Они склонили головы и спины. Он зашагал еще быстрее и сказал: если бы он только мог, он переменил бы звание и ремесло. Он стремился бы к уединению и обрел бы наконец истинный покой души.
— Отшельник ни в чем не терпит недостатка. Манна падает сверху, ворон приносит с небес хлеб.
Он сопровождал свое признание страстными вздохами, затем сжал губы и разомкнул их, лишь когда самообладание вернулось к нему. Тогда он продолжал:
— Но такая жизнь не для монархов, они родятся не для себя, а для своих государств и для народов, над которыми они поставлены.
Для слушателей короля речь его была неожиданностью; они считали его во всем, что ему пришлось пережить, человеком забывчивым и называли вечным весельчаком. Печаль была скрыта в глубине его души, ибо услышанные здесь слова он хоть и произносил много раз, но отнюдь не перед чужими.
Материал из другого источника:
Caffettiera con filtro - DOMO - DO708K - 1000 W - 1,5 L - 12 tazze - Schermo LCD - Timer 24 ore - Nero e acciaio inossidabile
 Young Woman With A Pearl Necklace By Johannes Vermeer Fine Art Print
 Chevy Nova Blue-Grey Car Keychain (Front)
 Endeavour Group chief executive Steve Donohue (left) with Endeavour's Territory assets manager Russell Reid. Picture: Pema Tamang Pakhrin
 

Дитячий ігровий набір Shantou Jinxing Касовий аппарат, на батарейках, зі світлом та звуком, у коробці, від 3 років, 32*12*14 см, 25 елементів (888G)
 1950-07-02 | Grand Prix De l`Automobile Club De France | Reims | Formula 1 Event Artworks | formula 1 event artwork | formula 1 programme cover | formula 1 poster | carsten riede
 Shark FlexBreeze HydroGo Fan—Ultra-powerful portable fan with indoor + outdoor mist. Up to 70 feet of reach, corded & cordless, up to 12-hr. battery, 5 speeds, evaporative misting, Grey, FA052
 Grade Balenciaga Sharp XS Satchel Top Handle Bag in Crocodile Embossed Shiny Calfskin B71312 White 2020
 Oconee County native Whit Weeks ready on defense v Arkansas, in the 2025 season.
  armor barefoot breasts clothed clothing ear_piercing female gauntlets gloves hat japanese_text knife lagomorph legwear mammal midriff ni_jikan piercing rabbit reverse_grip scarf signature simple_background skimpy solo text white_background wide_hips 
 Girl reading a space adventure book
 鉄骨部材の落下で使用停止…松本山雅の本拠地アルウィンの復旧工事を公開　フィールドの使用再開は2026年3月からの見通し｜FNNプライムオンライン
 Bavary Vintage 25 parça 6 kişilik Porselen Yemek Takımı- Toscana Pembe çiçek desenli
Впрочем, он тут же пожалел, что показал себя печальным и благородным перед господами Монтиньи и Сигонем, а потому он поспешил еще кое-что добавить, дабы заключение было созвучно остальному и они без ущерба могли бы разглашать его слова.
— У монархов на житейском море нет иной пристани, кроме могилы, и умирать им суждено в самый разгар трудов.
Оба особенно постарались запомнить последние слова и немедля пересказали речи короля, ибо сами были поражены таким доверием и никак не могли молчать. Но слова о смерти в разгар трудов они впоследствии, когда дойдет до того, истолкуют как пророчество. Король был поистине исполнен гордыни. Он кончает жизнь так, как сам желал.
Генрих скорбел о Елизавете лишь до этого часа, но не дольше.